You'll need the last granule processed:

if you still have the output on your screen, look for a line like this:

2022-11-15 17:25:57.109673 +0000 INFO running bulk operation with this data: {'ids': '[ECOv002_L1A_BB_21239_014_20220405T002747_0700_01...ECOv002_L1A_BB_21241_012_20220405T032925_0700_01]', 'workflowName': 'UpdateCmrAccessConstraints', 'queueUrl': 'https://sqs.us-west-2.amazonaws.com/643705676985/lp-prod-forward-processing-throttled-queue', 'meta': {'accessConstraints': {'value': 101, 'description': 'Restricted for limited public release'}}} ...
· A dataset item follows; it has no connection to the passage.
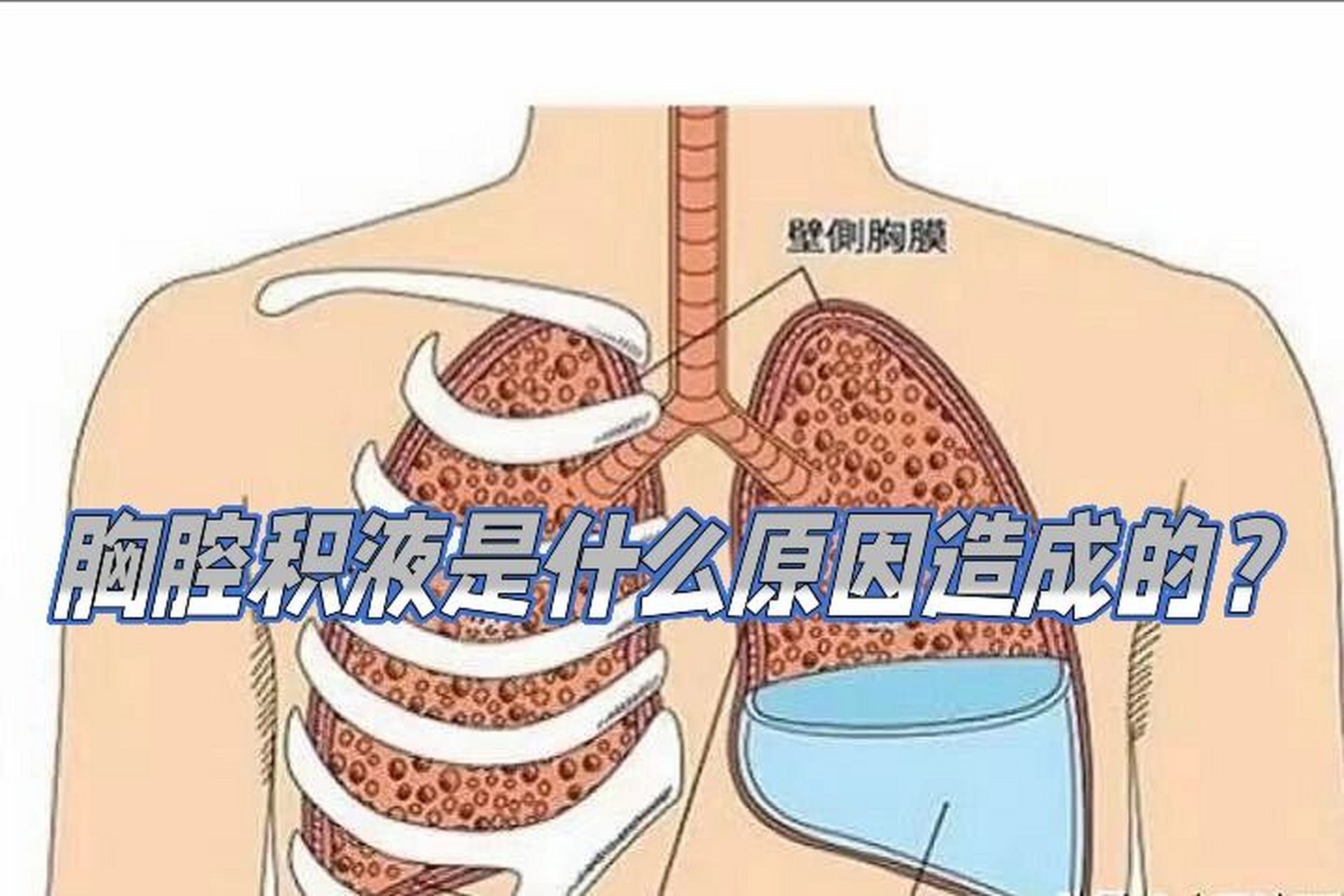 胸腔积液可能是由于胸膜炎,肺部肿瘤等原因造成的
if it's not on your screen, find the log from your run. It might help to locate your log by reverse sorting the log files by date: ls -lrt . Search the log for the last entry containing "running bulk operation with this data:"
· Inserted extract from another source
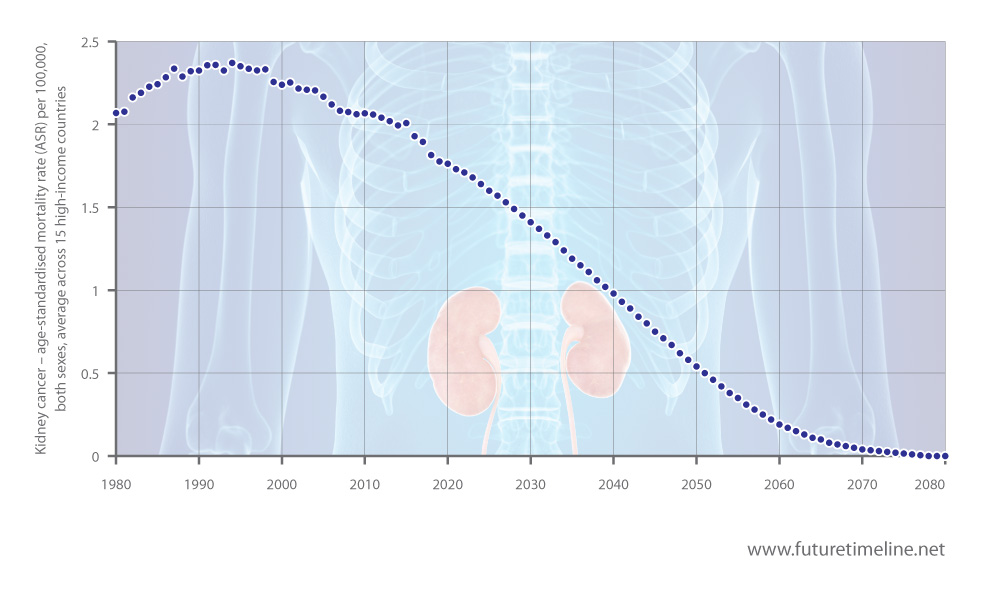 kidney cancer future timeline cure 2050 2100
That entry shows the first and last granule from the range of granules submitted. Get the last granule. In this example it is ECOv002_L1A_BB_21241_012_20220405T032925_0700_01

docker exec --user root -it ops_cumulus-utilities-app_1 /bin/bash

cd output

ls -l

root@daa9f4032aff:/app/output# wc -l C2076119270-LPCLOUD_ECO_L1A_BB.002_PROD_1_1900.txt
57776 C2076119270-LPCLOUD_ECO_L1A_BB.002_PROD_1_1900.txt

root@daa9f4032aff:/app/output# grep -n ECOv002_L1A_BB_21241_012_20220405T032925_0700_01 C2076119270-LPCLOUD_ECO_L1A_BB.002_PROD_1_1900.txt
1100:ECOv002_L1A_BB_21241_012_20220405T032925_0700_01

root@daa9f4032aff:/app/output# head -n 1100 C2076119270-LPCLOUD_ECO_L1A_BB.002_PROD_1_1900.txt > C2076119270-LPCLOUD_ECO_L1A_BB.002_PROD_1_1900_done.txt

root@daa9f4032aff:/app/output# tail -n +1101 C2076119270-LPCLOUD_ECO_L1A_BB.002_PROD_1_1900.txt > C2076119270-LPCLOUD_ECO_L1A_BB.002_PROD_1_1900_todo.txt

root@daa9f4032aff:/app/output# wc -l C2076119270-LPCLOUD_ECO_L1A_BB.002_PROD_1_1900_done.txt
1100 C2076119270-LPCLOUD_ECO_L1A_BB.002_PROD_1_1900_done.txt

root@daa9f4032aff:/app/output# wc -l C2076119270-LPCLOUD_ECO_L1A_BB.002_PROD_1_1900_todo.txt
56676 C2076119270-LPCLOUD_ECO_L1A_BB.002_PROD_1_1900_todo.txt

root@daa9f4032aff:/app/output# cat C2076119270-LPCLOUD_ECO_L1A_BB.002_PROD_1_1900_done.txt
The last line should be: ECOv002_L1A_BB_21241_012_20220405T032925_0700_01

You can now run the run_bulk_operation script using the 'todo' file as your input file

403 errors

If you see a 403 error similar to this trying to get a token, it might mean you have too many tokens. You can only have two:

getting token for user lpdaac_bmgt_ts2
making request to https://urs.earthdata.nasa.gov/api/users/token
A request error occurred - <class 'requests.exceptions.HTTPError'>: 403 Client Error: Forbidden for url: https://urs.earthdata.nasa.gov/api/users/token

Get the CMR_USER and CMR_PASSWORD and base64 encode them:

echo -n 'cmr_user:cmr_password' | base64

To list your tokens:

curl --request GET --url https://urs.earthdata.nasa.gov/api/users/tokens -H 'Authorization: Basic <base64encoded info here>'

To revoke a token:

curl --request POST --url 'https://urs.earthdata.nasa.gov/api/users/revoke_token?token=<TOKEN here>' -H 'Authorization: Basic <base64encoded info here>'



To edit files inside container:

a. docker exec --user root -it ops_cumulus-utilities-app_1 /bin/bash
b. apt-get install vim
c. cd output
d. ls -l

## Monitoring execution for all Options:

1. Click on the link to be directed to the Operations page.
a. Verify that the bulk action is running and the status of the event when completed. For example:
![Execution graph of SIPS ParsePdr workflow in AWS Step Functions console](../assets/image2020-11-30_10-57-12.png)

## Removing an Access Constraint:

Follow the same procedures, assigning an access constraint value of 0 (assuming 0 is not restricted).